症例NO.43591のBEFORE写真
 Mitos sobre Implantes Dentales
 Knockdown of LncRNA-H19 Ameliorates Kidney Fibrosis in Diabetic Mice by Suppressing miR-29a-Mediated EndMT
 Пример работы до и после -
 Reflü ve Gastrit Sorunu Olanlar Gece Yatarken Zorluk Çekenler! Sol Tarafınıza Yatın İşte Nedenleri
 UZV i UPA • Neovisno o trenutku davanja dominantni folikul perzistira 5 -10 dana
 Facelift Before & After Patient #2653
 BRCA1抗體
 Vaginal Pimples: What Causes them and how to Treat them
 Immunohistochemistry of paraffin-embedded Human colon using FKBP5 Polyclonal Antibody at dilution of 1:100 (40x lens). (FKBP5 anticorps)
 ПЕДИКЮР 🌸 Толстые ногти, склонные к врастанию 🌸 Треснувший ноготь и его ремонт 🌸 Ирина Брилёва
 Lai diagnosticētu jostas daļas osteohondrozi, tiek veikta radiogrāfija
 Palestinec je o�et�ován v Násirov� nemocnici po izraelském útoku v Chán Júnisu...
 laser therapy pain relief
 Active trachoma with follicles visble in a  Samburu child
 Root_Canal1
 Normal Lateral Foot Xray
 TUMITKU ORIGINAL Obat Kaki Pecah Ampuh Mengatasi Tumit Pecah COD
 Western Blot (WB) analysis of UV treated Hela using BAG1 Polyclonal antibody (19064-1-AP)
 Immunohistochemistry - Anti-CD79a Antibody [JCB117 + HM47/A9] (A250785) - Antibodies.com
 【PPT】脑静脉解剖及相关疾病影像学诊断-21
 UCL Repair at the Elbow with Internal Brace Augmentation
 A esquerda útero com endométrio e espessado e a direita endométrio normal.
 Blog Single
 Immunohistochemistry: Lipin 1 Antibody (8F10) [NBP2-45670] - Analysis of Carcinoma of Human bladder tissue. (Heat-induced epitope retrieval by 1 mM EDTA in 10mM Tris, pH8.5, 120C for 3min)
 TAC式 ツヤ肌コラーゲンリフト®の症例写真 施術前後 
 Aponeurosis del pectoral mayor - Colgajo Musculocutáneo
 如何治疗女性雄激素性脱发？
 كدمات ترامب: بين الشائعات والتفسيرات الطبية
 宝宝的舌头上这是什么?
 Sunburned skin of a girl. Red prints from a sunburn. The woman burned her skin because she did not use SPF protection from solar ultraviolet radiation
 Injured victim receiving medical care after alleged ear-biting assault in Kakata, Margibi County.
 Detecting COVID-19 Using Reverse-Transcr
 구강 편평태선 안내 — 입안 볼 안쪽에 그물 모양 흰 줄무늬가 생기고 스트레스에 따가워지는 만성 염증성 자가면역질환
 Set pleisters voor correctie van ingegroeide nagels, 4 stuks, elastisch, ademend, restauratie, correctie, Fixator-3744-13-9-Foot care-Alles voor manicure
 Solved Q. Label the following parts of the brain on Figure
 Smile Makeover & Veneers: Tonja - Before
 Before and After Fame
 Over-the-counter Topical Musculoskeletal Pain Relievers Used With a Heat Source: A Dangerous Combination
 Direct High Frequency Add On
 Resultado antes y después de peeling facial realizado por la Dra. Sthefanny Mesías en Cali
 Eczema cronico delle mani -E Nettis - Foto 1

_TASK PROMPT_: From the records above, quote only the lines running from the line with "Injured victim receiving" to the line with "Set pleisters voor", both lines included.

_ANSWER SECTION_:
 Injured victim receiving medical care after alleged ear-biting assault in Kakata, Margibi County.
 Detecting COVID-19 Using Reverse-Transcr
 구강 편평태선 안내 — 입안 볼 안쪽에 그물 모양 흰 줄무늬가 생기고 스트레스에 따가워지는 만성 염증성 자가면역질환
 Set pleisters voor correctie van ingegroeide nagels, 4 stuks, elastisch, ademend, restauratie, correctie, Fixator-3744-13-9-Foot care-Alles voor manicure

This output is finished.